[Start of section]

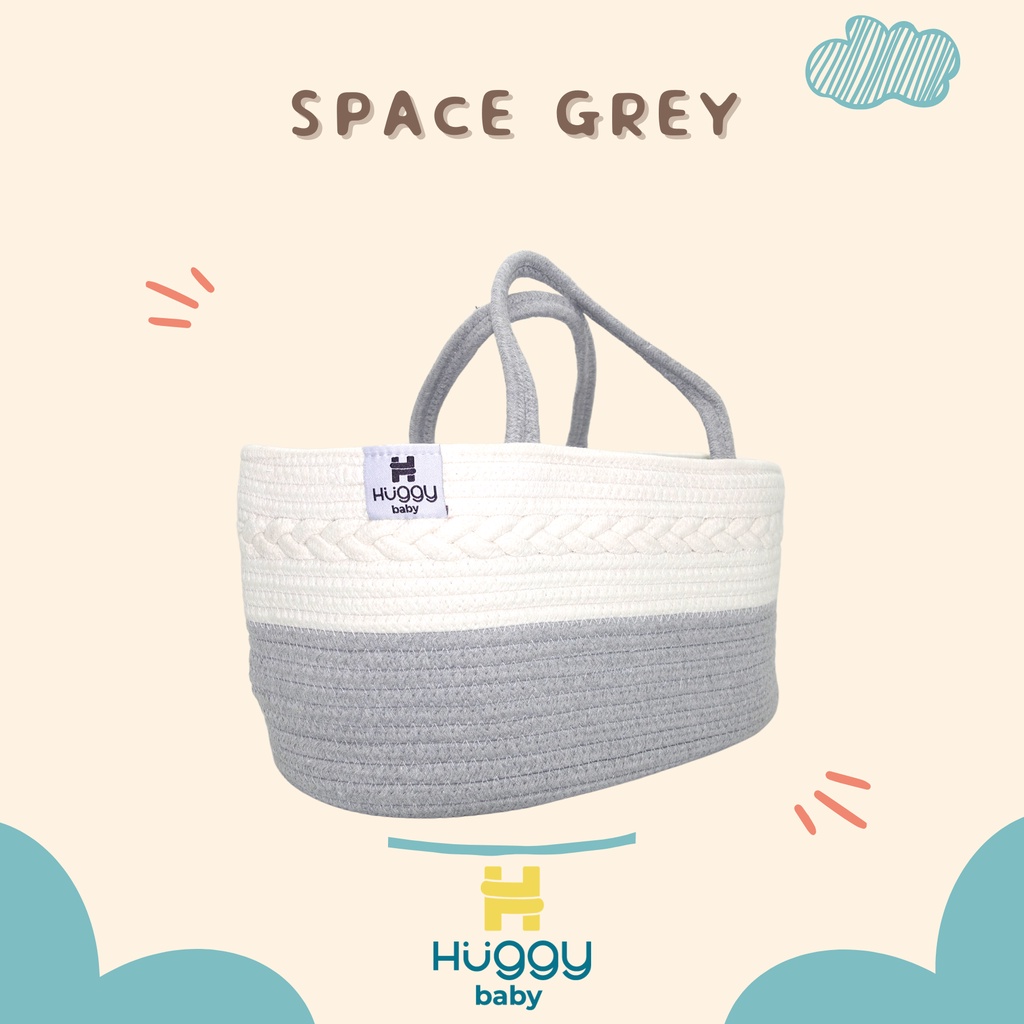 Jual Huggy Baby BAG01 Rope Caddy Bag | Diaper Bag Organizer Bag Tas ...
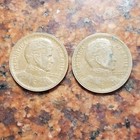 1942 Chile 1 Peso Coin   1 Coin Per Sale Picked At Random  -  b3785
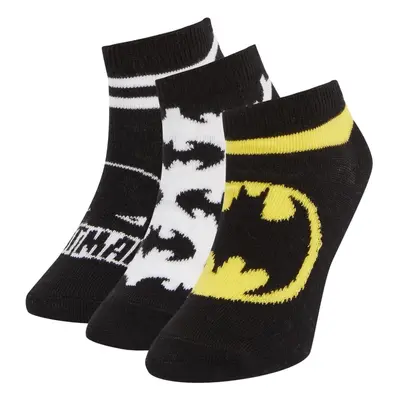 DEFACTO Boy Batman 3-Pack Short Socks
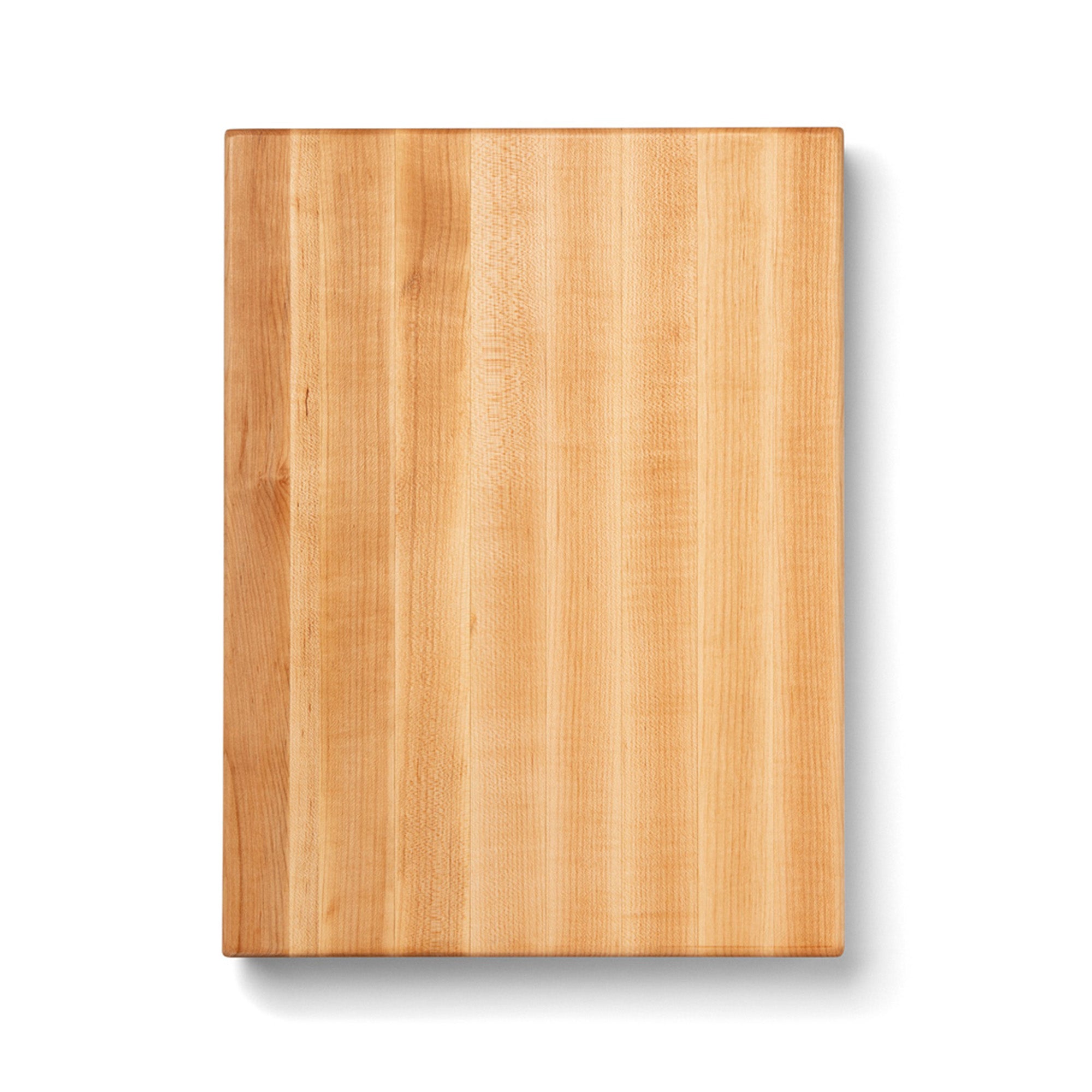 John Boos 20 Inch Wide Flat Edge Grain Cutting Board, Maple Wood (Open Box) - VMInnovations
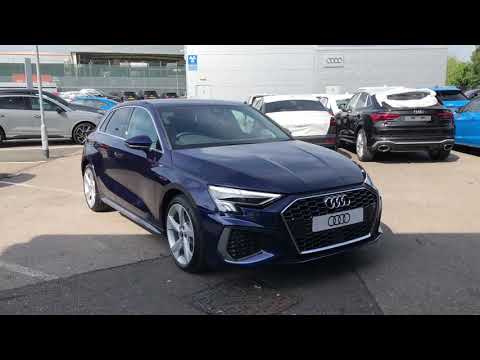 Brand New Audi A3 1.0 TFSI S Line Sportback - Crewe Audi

[End of section]

→ **What you should do**:
Write out again exactly the lines from the start of the data above through the line containing "DEFACTO Boy Batman 3-Pack Short Socks", inclusive, excluding any pictures.

→ **Completed exercise**:
 Jual Huggy Baby BAG01 Rope Caddy Bag | Diaper Bag Organizer Bag Tas ...
 1942 Chile 1 Peso Coin   1 Coin Per Sale Picked At Random  -  b3785
 DEFACTO Boy Batman 3-Pack Short Socks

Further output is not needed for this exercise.